Lithuanian cross crafting (Lietuvos kryždirbystė) is a traditional Lithuanian art of crafting crosses. The making of altars and crosses is an important part of Lithuanian culture. Lithuanian traditional crosses are part of the people's Roman Catholic religion. Approximately since Lithuania became a part of the Russian Empire in the 19th century, these crosses have become a symbol of the Lithuanian people.

The crosses are intricately carved of oak wood, and sometimes incorporate iron elements as well. Their craftsmen, known as kryždirbiai, travel across the country. The most renowned Lithuanian cross crafter and god carver was the self-taught Vincas Svirskis (1835–1916), whose crosses, once seen across central Lithuania, are now kept in national museums.

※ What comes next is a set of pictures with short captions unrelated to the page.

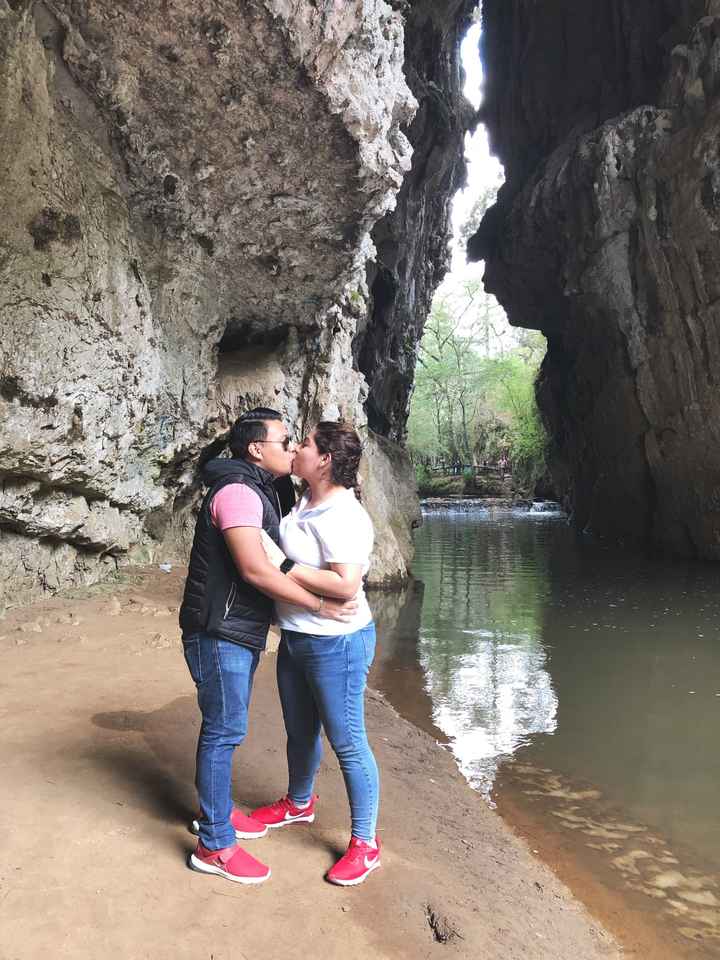 Detalles de amor, (previa de San Valentín) 👩‍❤️‍💋‍👩💏👨‍❤️‍💋‍👨 - 1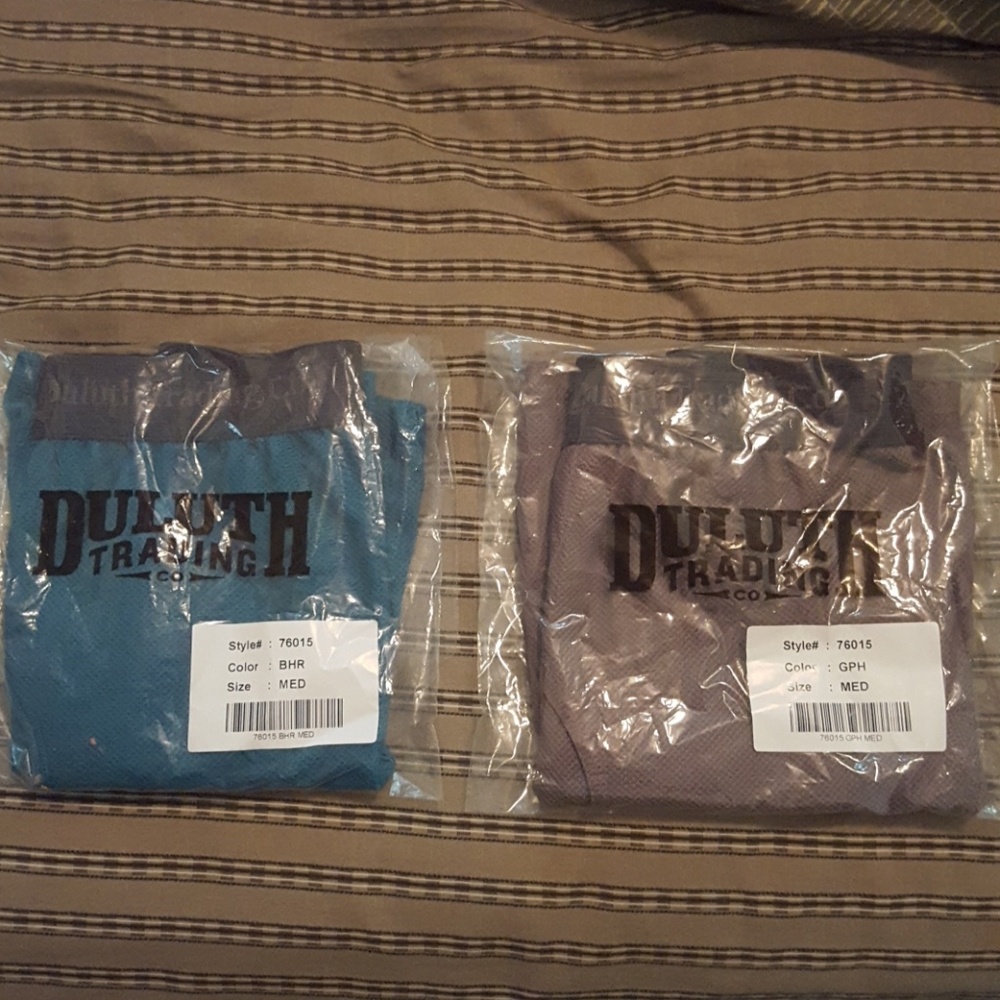 Duluth boxer briefs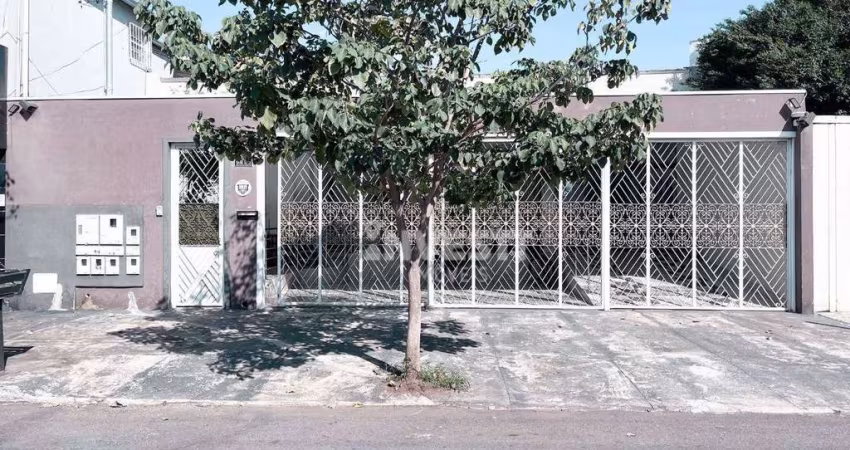 Casa à venda no Setor Leste Vila Nova - Goiânia/GO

Lithuanian cross crafting has been included in the list of Masterpieces of the Oral and Intangible Heritage of Humanity of 2001 by UNESCO. Also In 2017 Cross-crafting and its symbolism in Lithuania was inscribed into The Intangible Cultural Heritage Inventory of Lithuania as a form of folk art, traditional craftsmanship or agricultural activities.
Intricate cross crafting of wood, stone or metal, as well as elaborate jewelry crosses is known in other cultures as well. Examples are Celtic crosses, Ethiopian crosses and Armenian crosses.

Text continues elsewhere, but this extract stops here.